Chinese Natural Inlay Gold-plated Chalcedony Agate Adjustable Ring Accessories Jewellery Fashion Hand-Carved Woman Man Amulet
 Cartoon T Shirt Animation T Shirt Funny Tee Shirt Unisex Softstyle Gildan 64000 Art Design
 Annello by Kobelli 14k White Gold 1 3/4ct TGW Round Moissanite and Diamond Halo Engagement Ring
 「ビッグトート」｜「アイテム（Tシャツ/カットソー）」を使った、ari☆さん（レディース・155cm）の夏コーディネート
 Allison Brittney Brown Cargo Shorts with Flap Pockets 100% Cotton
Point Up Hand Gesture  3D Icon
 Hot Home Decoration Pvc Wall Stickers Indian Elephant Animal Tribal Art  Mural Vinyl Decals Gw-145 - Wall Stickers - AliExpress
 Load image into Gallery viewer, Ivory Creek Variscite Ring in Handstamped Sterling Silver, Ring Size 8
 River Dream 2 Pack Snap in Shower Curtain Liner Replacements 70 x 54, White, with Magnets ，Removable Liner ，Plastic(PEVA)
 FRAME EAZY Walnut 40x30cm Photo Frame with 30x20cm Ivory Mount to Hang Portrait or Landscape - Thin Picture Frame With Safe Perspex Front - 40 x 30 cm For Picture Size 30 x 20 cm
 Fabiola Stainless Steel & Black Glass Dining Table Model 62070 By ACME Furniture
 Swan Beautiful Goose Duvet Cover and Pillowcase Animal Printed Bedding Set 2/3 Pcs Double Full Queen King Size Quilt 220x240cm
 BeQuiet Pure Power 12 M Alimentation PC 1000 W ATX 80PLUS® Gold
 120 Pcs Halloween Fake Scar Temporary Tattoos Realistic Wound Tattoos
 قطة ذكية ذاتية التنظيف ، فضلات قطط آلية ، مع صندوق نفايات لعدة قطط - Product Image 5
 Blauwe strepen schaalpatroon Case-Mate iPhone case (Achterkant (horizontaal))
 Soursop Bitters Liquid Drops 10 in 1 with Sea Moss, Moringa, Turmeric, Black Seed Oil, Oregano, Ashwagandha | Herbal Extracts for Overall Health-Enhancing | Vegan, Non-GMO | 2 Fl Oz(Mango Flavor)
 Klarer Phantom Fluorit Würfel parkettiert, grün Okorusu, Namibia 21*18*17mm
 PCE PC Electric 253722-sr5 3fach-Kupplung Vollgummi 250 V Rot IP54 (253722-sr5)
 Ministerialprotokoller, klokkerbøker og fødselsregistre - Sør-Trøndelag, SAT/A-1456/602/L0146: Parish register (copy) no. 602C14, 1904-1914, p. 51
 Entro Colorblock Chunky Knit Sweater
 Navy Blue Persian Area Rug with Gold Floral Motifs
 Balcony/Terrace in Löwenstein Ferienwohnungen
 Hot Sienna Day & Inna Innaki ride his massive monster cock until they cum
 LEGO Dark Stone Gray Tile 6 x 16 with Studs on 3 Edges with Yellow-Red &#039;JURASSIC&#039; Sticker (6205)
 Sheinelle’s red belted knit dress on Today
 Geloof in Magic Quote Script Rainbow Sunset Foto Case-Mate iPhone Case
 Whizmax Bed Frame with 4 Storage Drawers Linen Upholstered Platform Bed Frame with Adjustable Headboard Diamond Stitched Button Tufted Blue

**Your objective**
Only the lines from the one with "Entro Colorblock Chunky Knit Sweater" through the final line above belong in the answer, each reproduced word for word.

**Result for this task**
 Entro Colorblock Chunky Knit Sweater
 Navy Blue Persian Area Rug with Gold Floral Motifs
 Balcony/Terrace in Löwenstein Ferienwohnungen
 Hot Sienna Day & Inna Innaki ride his massive monster cock until they cum
 LEGO Dark Stone Gray Tile 6 x 16 with Studs on 3 Edges with Yellow-Red &#039;JURASSIC&#039; Sticker (6205)
 Sheinelle’s red belted knit dress on Today
 Geloof in Magic Quote Script Rainbow Sunset Foto Case-Mate iPhone Case
 Whizmax Bed Frame with 4 Storage Drawers Linen Upholstered Platform Bed Frame with Adjustable Headboard Diamond Stitched Button Tufted Blue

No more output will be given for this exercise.